Too soon, but not too late
Twenty years ago this month, Yitzhak Rabin and Yasser Arafat signed the historic Oslo Accords, raising hopes for a resolution of the Israeli-Palestinian conflict based on the concept of two lands for two peoples.
The accords were a paradigm shift, transforming the PLO from a terrorist organization into a provisional government, and quashing the dream of many Israelis of a “Greater Israel” encompassing biblical Judea and Samaria.
Perhaps no agreement could survive under the weight of such expectations and transformations. Ongoing violence, including the assassination of Prime Minister Rabin and the Second Intifada, reversed very real gains in cooperation that were made during the 1990s. Today the two-state principle lives on, barely, in the form of renewed negotiations, even as many write the Oslo era’s obituary.
Among those are proponents of a so-called “one-state” solution.

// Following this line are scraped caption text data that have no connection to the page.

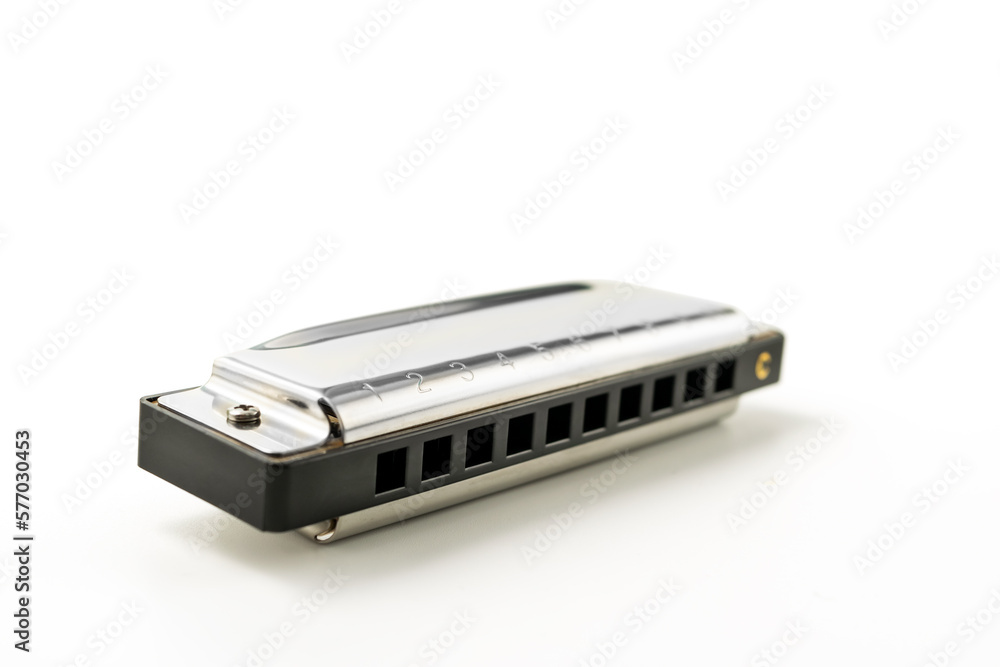 Harmonica, also French harp, blues harp, and mouth organ, isolated on white background with clipping path included. Free reed wind instrument used worldwide in blues, American folk, jazz, rock and rol Harmonica, also French harp, blues harp, and mouth organ, isolated on white background with clipping path included. Free reed wind instrument used worldwide in blues, American folk, jazz, rock and rol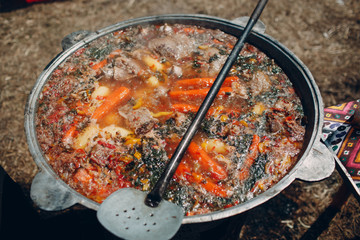 Shurpa soup in a large cauldron outdoor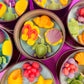 Assorted sea-themed wax candle tins with purple, orange, green, and red flower pieces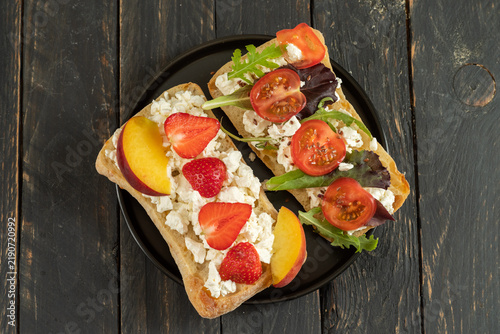 Two open sandwiches on a black plate: one with tomatoes and arugula, the other with cottage cheese, peach, and strawberry. Served.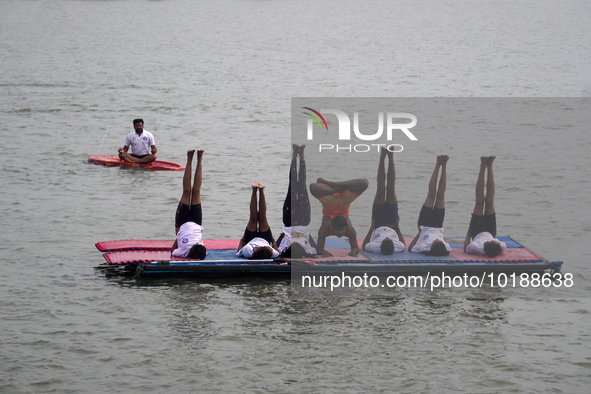 Participants perform yoga on the surface Yamuna River to mark the International Yoga Day celebrations on June 21, 2023 in New Delhi, India....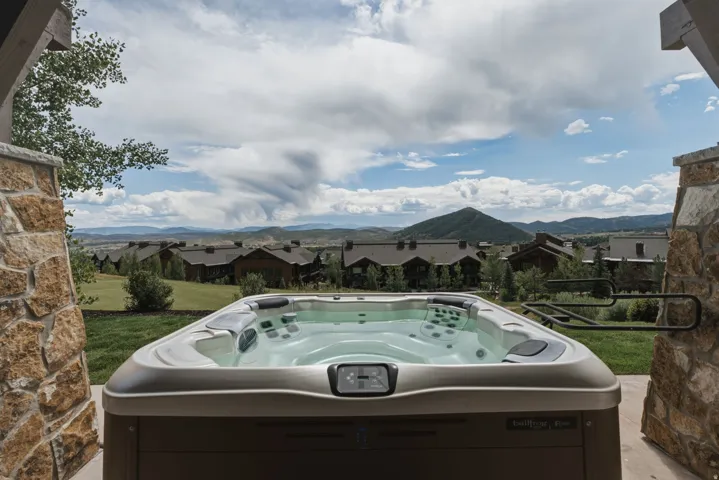 Outdoor hot tub featuring a stone-clad columns, golf course views, and mountain scenery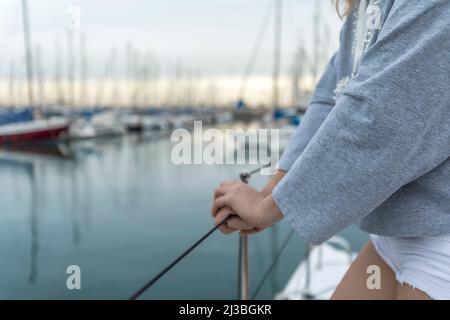 Donna croppata tenuta mano barca ringhiera in yacht marina Foto Stock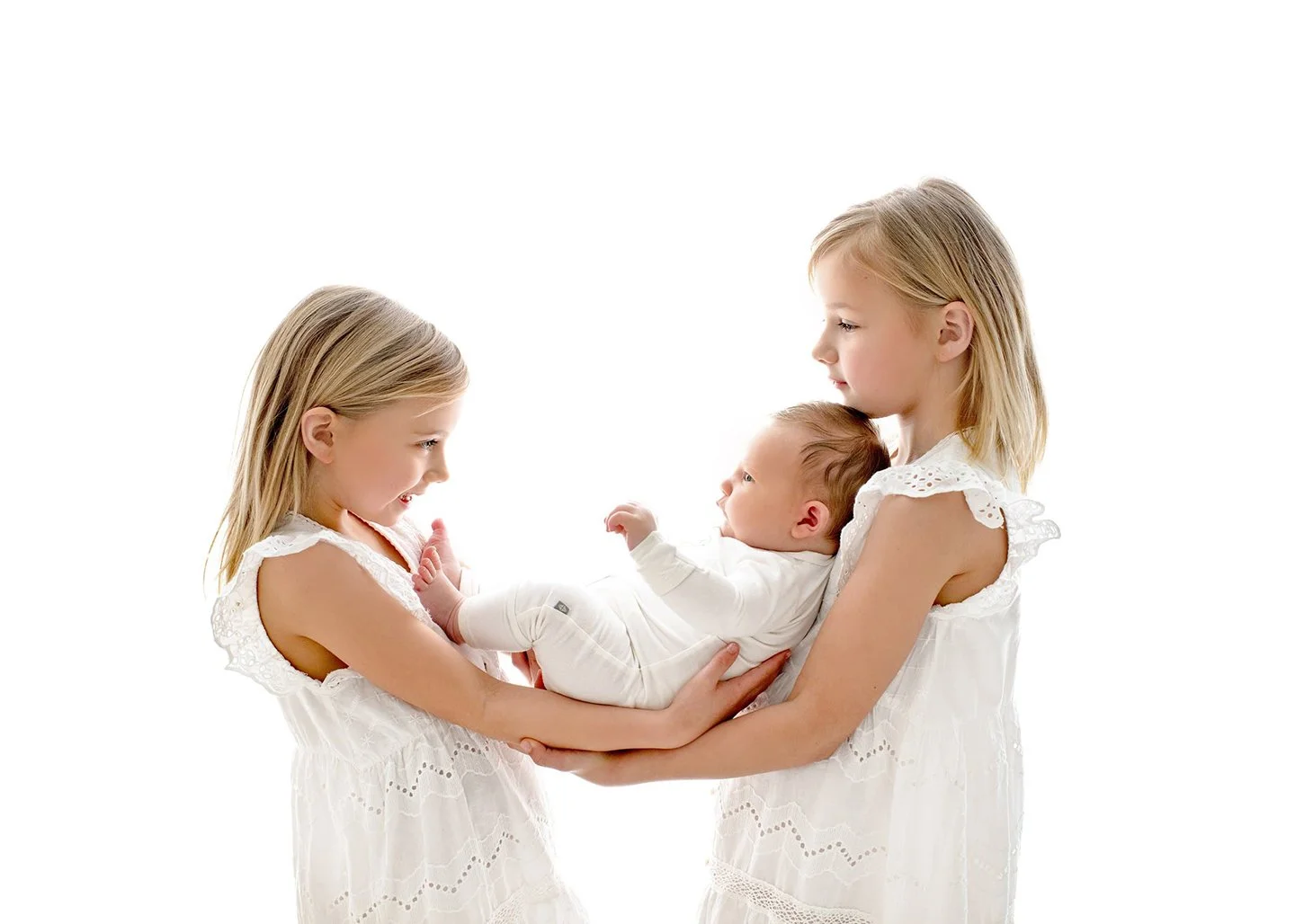 Two young girls in white dresses hold a newborn, capturing a tender moment of baby and family photography against a white background.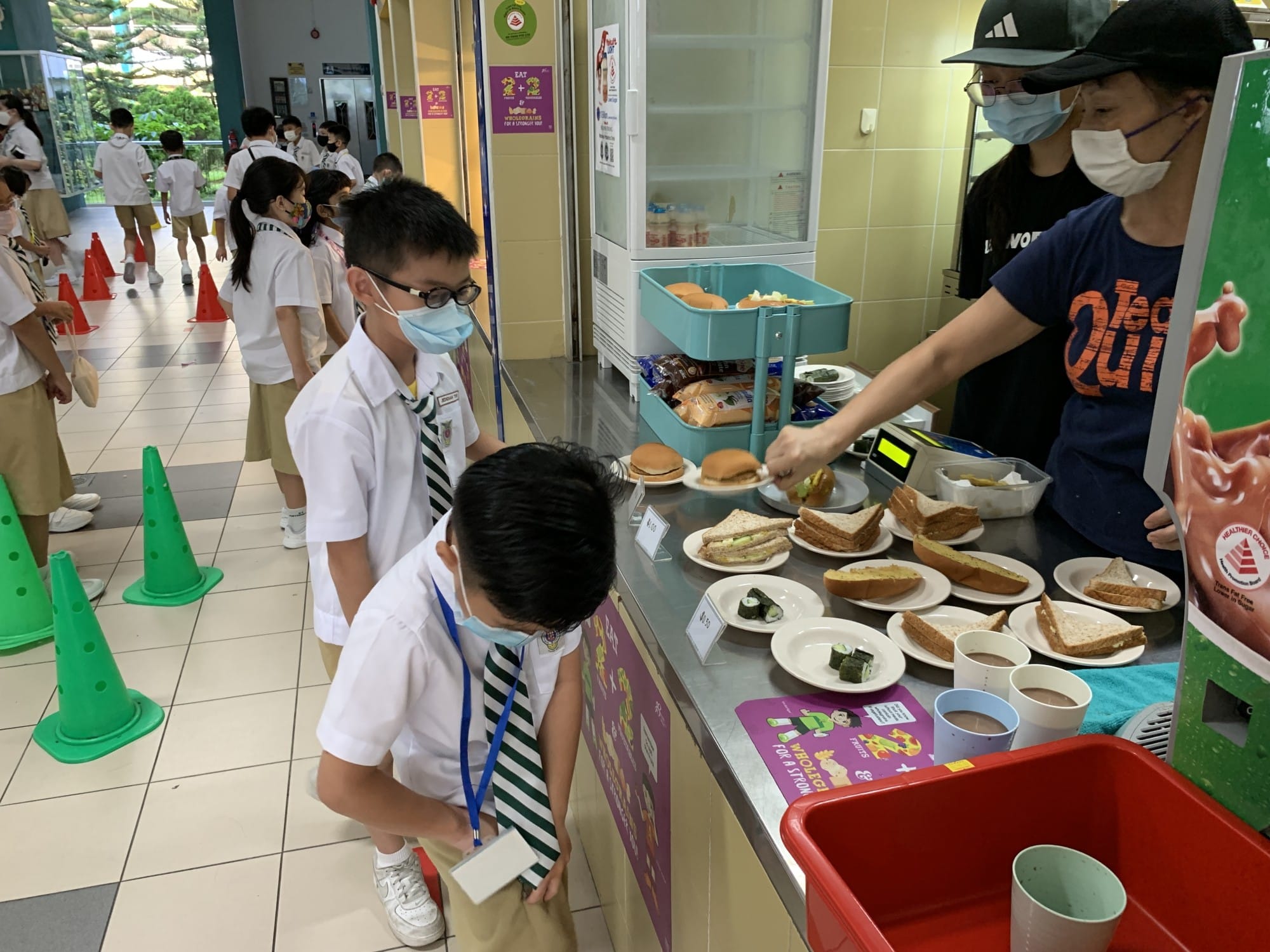 Students in school uniforms and masks queue at a canteen counter with sandwiches, burgers, and sushi served by a masked vendor.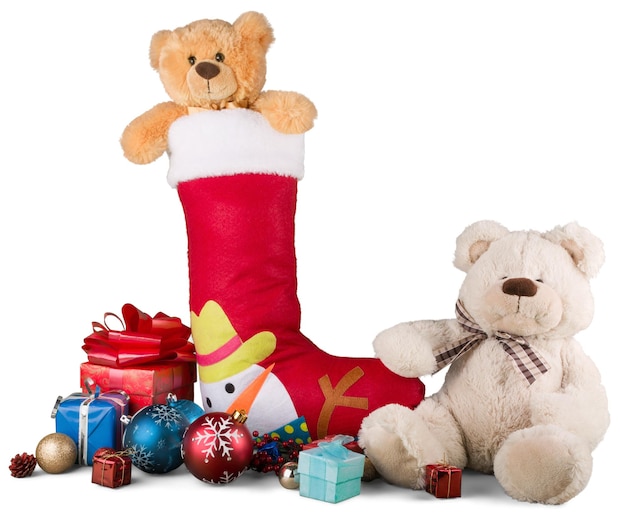 Calcetín navideño con pequeños regalos y oso de peluche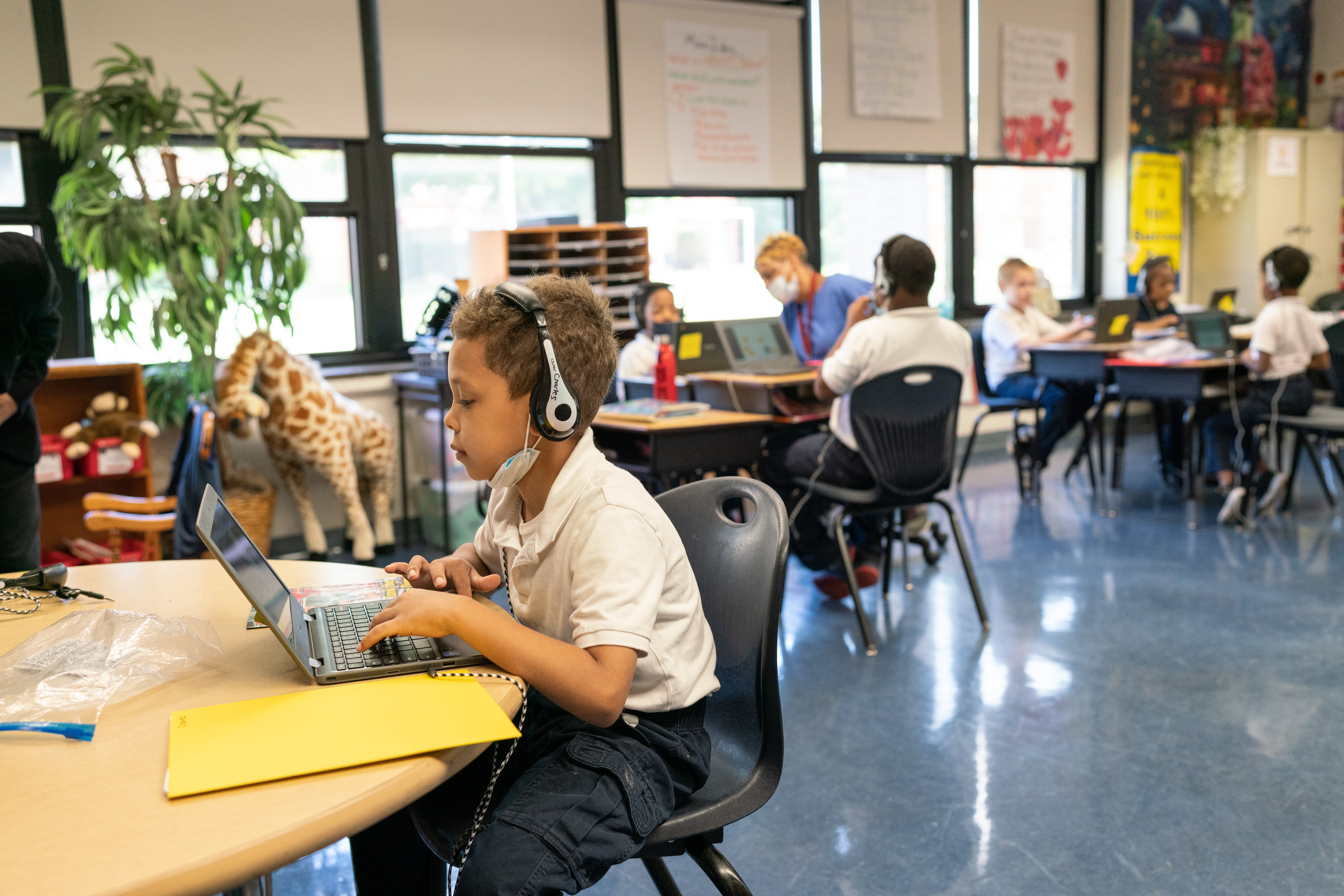 A student wearing headphones sits at a table in a classroom and works on a laptop. In the background, other students are sitting at desks.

In one form — a sort of binational confederation of Israelis and Palestinians — the “one-state solution” negates Zionism, and declares that Jews are not entitled to self-determination. In another form, it imagines millions of Palestinians living in a Jewish state without the rights of full citizens. In either case, it is a formula for strife.
Despite the unfulfilled promise of Oslo, Israel has never been stronger, economically, militarily, and culturally. It has withstood physical attacks from Gaza and the West Bank, and economic and rhetorical attacks from its critics abroad.
And yet, the logic and justice of the two-state solution remains. For all their political divisions, most Israelis tell pollsters they are ready to revive the peace process, but only under the condition that the Palestinians prove a reliable partner, as committed to Israeli security and sovereignty as their own. Until that day comes, Oslo remains an essential idea, ahead of its time.